▸ Task to carry out
Which lines run from the line with "CEENIU 2025 Jingdong" through the line with "塑料行業(yè)采購(gòu)部門(mén)業(yè)務(wù)流程" in the entries below? Print them exactly, both ends included, and nothing more.

▸ Material for this task
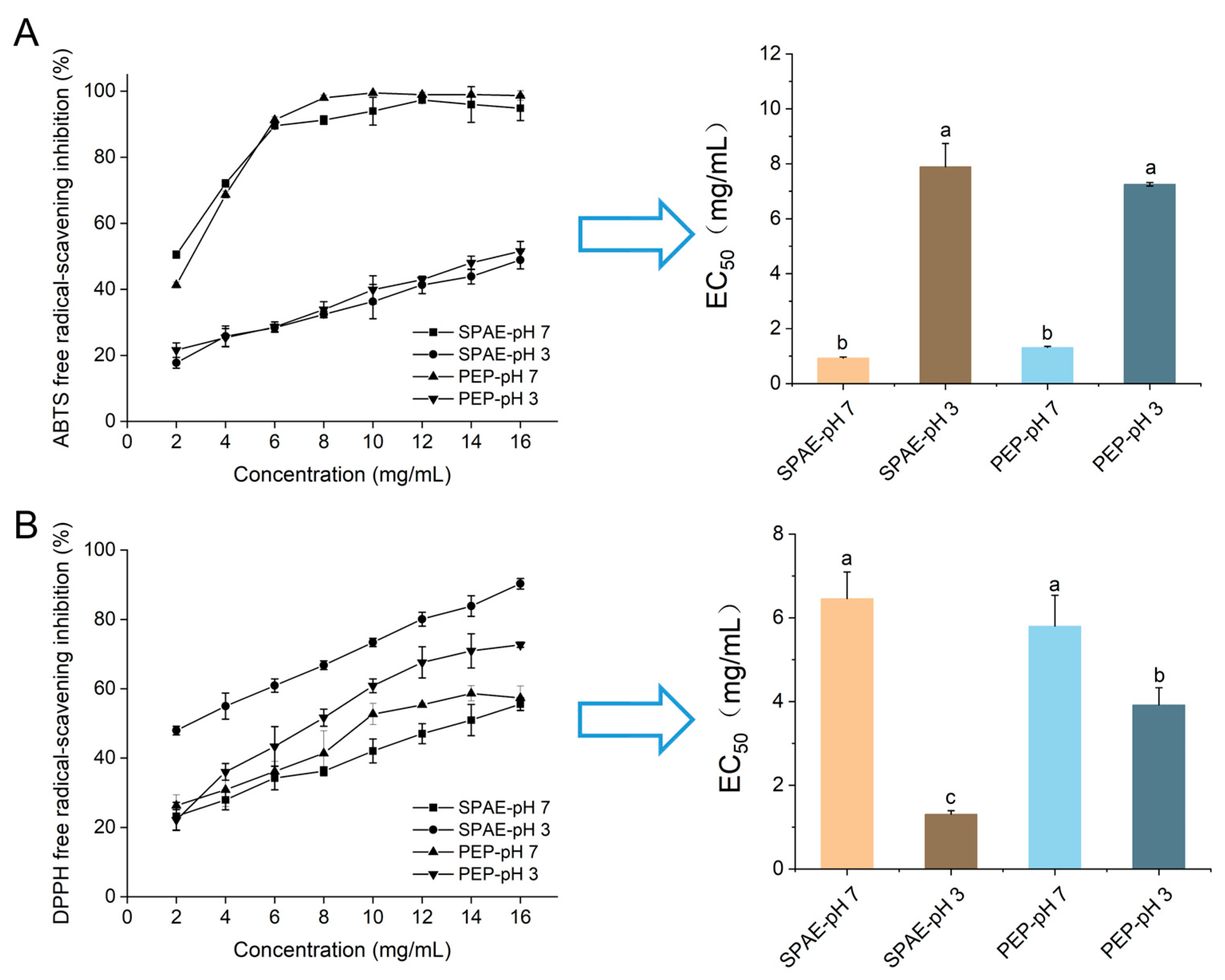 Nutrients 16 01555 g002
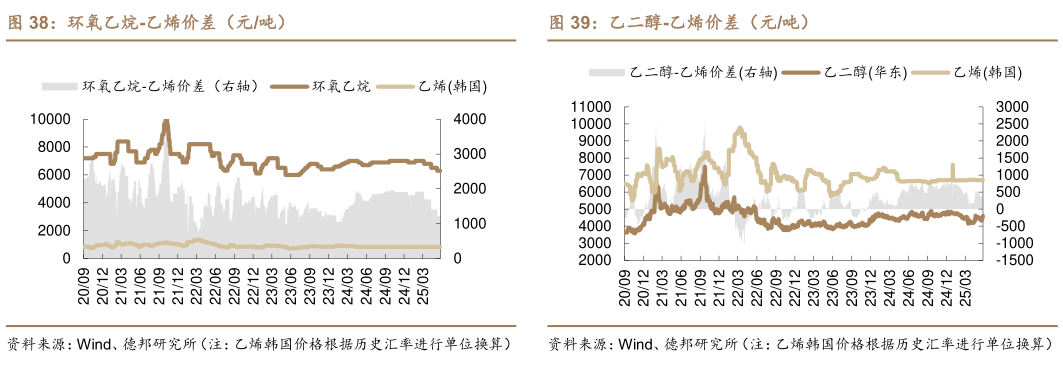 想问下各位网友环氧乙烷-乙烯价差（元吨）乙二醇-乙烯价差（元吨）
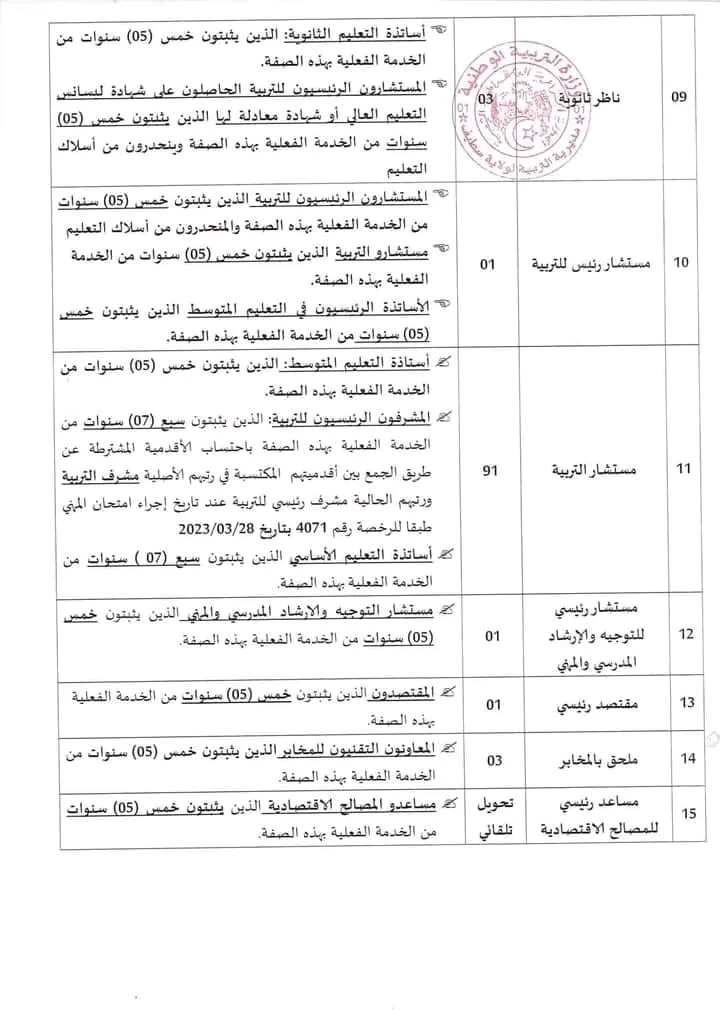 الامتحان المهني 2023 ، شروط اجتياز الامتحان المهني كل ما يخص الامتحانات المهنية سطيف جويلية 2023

...

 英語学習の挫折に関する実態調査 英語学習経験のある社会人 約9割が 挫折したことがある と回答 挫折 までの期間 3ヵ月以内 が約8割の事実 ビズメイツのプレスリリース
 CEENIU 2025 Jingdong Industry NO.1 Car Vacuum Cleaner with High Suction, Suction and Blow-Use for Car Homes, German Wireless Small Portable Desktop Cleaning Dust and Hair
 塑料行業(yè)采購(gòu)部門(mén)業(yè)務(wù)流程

--

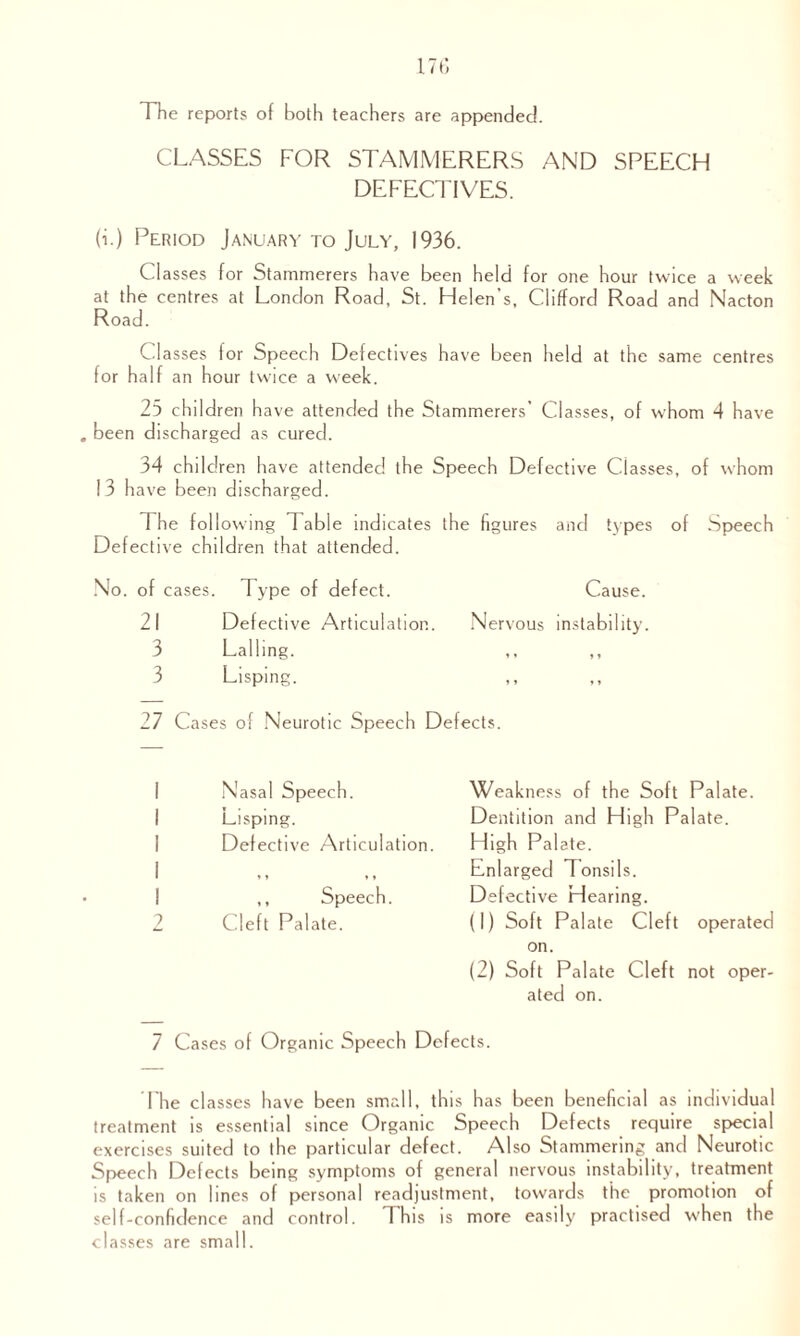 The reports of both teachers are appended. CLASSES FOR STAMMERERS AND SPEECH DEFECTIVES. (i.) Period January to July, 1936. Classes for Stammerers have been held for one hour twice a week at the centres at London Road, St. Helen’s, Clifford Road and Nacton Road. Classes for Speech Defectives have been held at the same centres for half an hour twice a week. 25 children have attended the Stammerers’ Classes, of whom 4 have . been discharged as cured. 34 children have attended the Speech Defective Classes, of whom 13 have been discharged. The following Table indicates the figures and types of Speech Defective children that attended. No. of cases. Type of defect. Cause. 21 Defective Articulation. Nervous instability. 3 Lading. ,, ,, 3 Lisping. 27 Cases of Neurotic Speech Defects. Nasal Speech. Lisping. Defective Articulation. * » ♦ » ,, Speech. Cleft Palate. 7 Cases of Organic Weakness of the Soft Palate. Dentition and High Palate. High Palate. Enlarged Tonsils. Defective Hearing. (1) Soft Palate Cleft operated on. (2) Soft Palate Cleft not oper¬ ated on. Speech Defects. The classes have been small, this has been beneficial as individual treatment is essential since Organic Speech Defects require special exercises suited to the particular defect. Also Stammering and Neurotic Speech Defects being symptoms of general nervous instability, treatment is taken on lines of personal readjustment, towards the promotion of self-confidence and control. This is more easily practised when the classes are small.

▸ Written response
 CEENIU 2025 Jingdong Industry NO.1 Car Vacuum Cleaner with High Suction, Suction and Blow-Use for Car Homes, German Wireless Small Portable Desktop Cleaning Dust and Hair
 塑料行業(yè)采購(gòu)部門(mén)業(yè)務(wù)流程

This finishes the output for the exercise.